LORI GARVER: I’m very enthused about the initiative. This is what we should be doing with our space program. The reason Mars is exciting when spirit land on it is because we believe we’re going further. The space program is about so much more than science. I absolutely agree, we’ve been a great space science through the robotic program. But it is because we’re going as a species that I think the public really can relate to this, and ultimately what has caused us a tremendous benefit.

and

LORI GARVER: … But again, it’s that inspiration that calls us to space, and by that it’s not going to be just robots.

and

LORI GARVER: I want my kids to have somebody who is more interesting to them. The first woman who goes to the moon — we’ve never sent any women to the moon — it’s got to be more interesting than whether or not Britney Spears got married this weekend.

and

LORI GARVER: To me, it’s definitely more than magic. I believe as humanity, as a species, we are going into space. We have explored this planet, we will continue to explore this planet and, for our very survival, we must also leave this planet. Ultimately, a lunar base as the president announced today is going to help us build new things, like a solar-powered satellite using lunar materials. That will potentially end our dependence on fossil fuels on this planet.

You, and everybody else who is maligning her intentions, owe Lori an apology.

Now, in fairness to Mark, he may have confused VSE with ESAS/Constellation. He has never been able to understand the difference between the two. But the notion that Lori and Alan Ladwig, and George Whitesides, have an agenda to “cancel VSE” or end plans to return to the moon, is ludicrous.

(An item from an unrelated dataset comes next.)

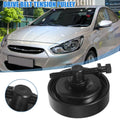 Belt Tensioner Replacement for Hyundai Elantra (2012–2018) Aluminum Black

Anyway, Kluger seems to be similarly unaware of her actual history, instead implying that she is just a soccer mom in space. And if he were really aware of the history, he wouldn’t have let the statement about Mike Griffin thinking EELVs are unsafe go unchallenged, and simply act as a stenographer for Shank (or whoever told him that). In fact, he would have challenged whichever NASA/Griffin defender told him that to explain what had happened in the past few years to change Dr. Griffin’s mind, because in 2003, he had a very different idea:

Griffin has made it clear that he is not opposed to using EELV vehicles effectively unmodified from their current versions to launch crewed vehicles. In a May 2003 hearing by the House Science Committee’s space subcommittee on NASA’s Orbital Space Plane (OSP) program—a short-lived effort to develop a manned spacecraft that was superseded by the CEV—Griffin noted that the term “man rating” dated back to efforts in the 1950s and 1960s to modify ICBMs to carry capsules. “This involved a number of factors such as pogo suppression, structural stiffening, and other details not particularly germane to today’s expendable vehicles. The concept of ‘man rating’ in this sense is, I believe, no longer very relevant.”

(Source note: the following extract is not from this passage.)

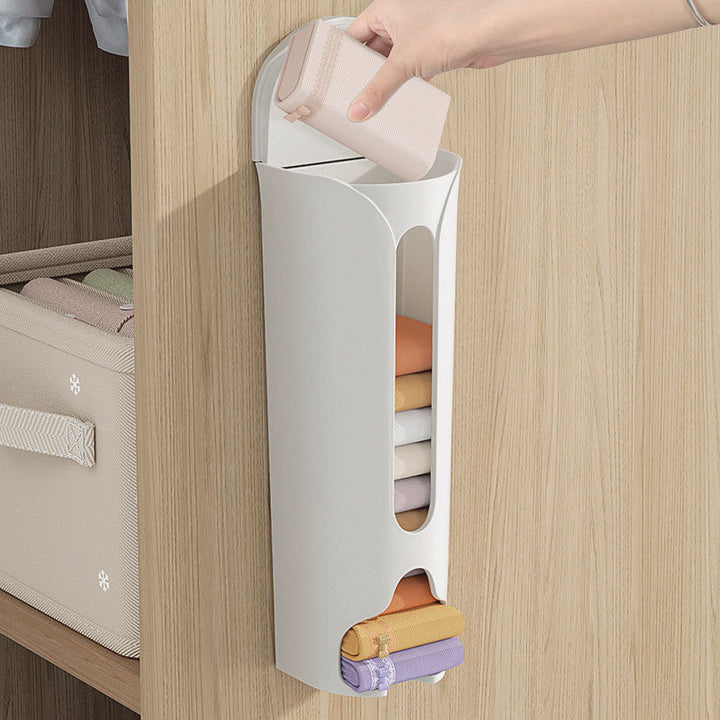 Wall storage box for socks and underwear | Kalsten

He argued that EELVs and other expendable vehicles are already called upon to launch high-value unmanned payloads. “What, precisely, are the precautions that we would take to safeguard a human crew that we would deliberately omit when launching, say, a billion-dollar Mars Exploration Rover (MER) mission?” he asked. “The answer is, of course, ‘none’. While we appropriately value human life very highly, the investment we make in most unmanned missions is quite sufficient to capture our full attention.”

The Atlas 5 and Delta 4 EELVs, he noted, have a specified design reliability of 98 percent, in line with experience with the premier expendable vehicles to date. If such a vehicle was used to launch a crewed spacecraft equipped with an escape system of just 90 percent reliability, he noted, the combined system would have a 1-in-500 chance of a fatal accident, “substantially better than for the Shuttle.”

So what happened in the interim to turn them into death traps?

If Kluger really wanted to provide a service to Time/CNN’s readers, he’d get out and do some real reporting, and get some dissenting opinions, instead of simply providing Mike Griffin’s NASA with a widely read forum for its propaganda. He would also come up with a slightly more sophisticated space policy template than “With Constellation, the moon, without Constellation, nothing.”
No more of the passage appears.